The San Francisco Vigilance Movements of 1851 and 1856 are often described by sympathetic historians as responses to rampant crime and government corruption. But, recent historians have noted that the vigilantes had a nativist bias; they systematically attacked first Irish immigrants, and later Mexicans, Chileans who came as miners during the California Gold Rush, and Chinese immigrants. During the early 20th century, racial or ethnic violence was directed by whites against Filipinos, Japanese and Armenians in California, who had arrived in waves of immigration.
During the late 19th century and early 20th century, Italian Americans were subject to racial violence. In 1891, eleven Italians were lynched by a mob of thousands in New Orleans. In the 1890s a total of twenty Italians were lynched in the South. Anti-Polish violence also occurred in the same time period.

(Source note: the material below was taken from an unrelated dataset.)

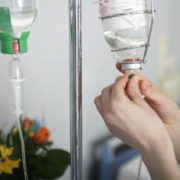 “Набряком шиї і…”: в Україні зафіксовано спалах смертельного захворювання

Like lynchings, race riots often had their roots in economic tensions or in white defense of the color line.
In 1887, for example, ten thousand workers at sugar plantations in Louisiana, organized by the Knights of Labor, went on strike for an increase in their pay to $1.25 a day. Most of the workers were black, but some were white, infuriating Governor Samuel Douglas McEnery, who declared that "God Almighty has himself drawn the color line." The militia was called in, but withdrawn to give free rein to a lynch mob in Thibodaux. The mob killed between 20 and 300 blacks. A black newspaper described the scene:
- " 'Six killed and five wounded' is what the daily papers here say, but from an eye witness to the whole transaction we learn that no less than thirty-five Negroes were killed outright. Lame men and blind women shot; children and hoary-headed grandsires ruthlessly swept down! The Negroes offered no resistance; they could not, as the killing was unexpected. Those of them not killed took to the woods, a majority of them finding refuge in this city."

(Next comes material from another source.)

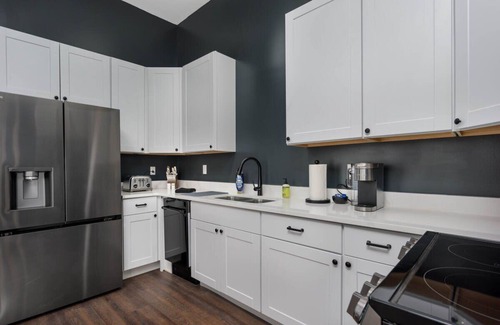 Downtown Harrisburg Apartment | Flats on Front - Riverfront Gem, Fast Wi-Fi, 1F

In 1891, a mob lynched Joe Coe, a black worker in Omaha, Nebraska suspected of attacking a young white woman from South Omaha. Approximately 10,000 white people, mostly ethnic immigrants from South Omaha, reportedly swarmed the courthouse and took Coe from his jail cell, beating and then lynching him. Reportedly 6,000 people visited Coe's corpse during a public exhibition at which pieces of the lynching rope were sold as souvenirs. This was a period when even officially sanctioned executions, such as hangings, were regularly conducted in public.
Labor and immigrant conflict was a source of tensions that catalyzed into the East St. Louis riot of 1917. White rioters, many of them ethnic immigrants, killed an estimated 100 black residents of East St. Louis, after black residents had killed two white policemen, mistaking the car they were riding in for a previous car of white occupants who drove through a black neighborhood and fired randomly into a crowd of blacks.
The Chicago race riot of 1919 grew out of tensions on the Southside, where Irish descendants and African Americans competed for jobs at the stockyards, and where both were crowded into substandard housing. The Irish descendants had been in the city longer, and were organized around athletic and political clubs.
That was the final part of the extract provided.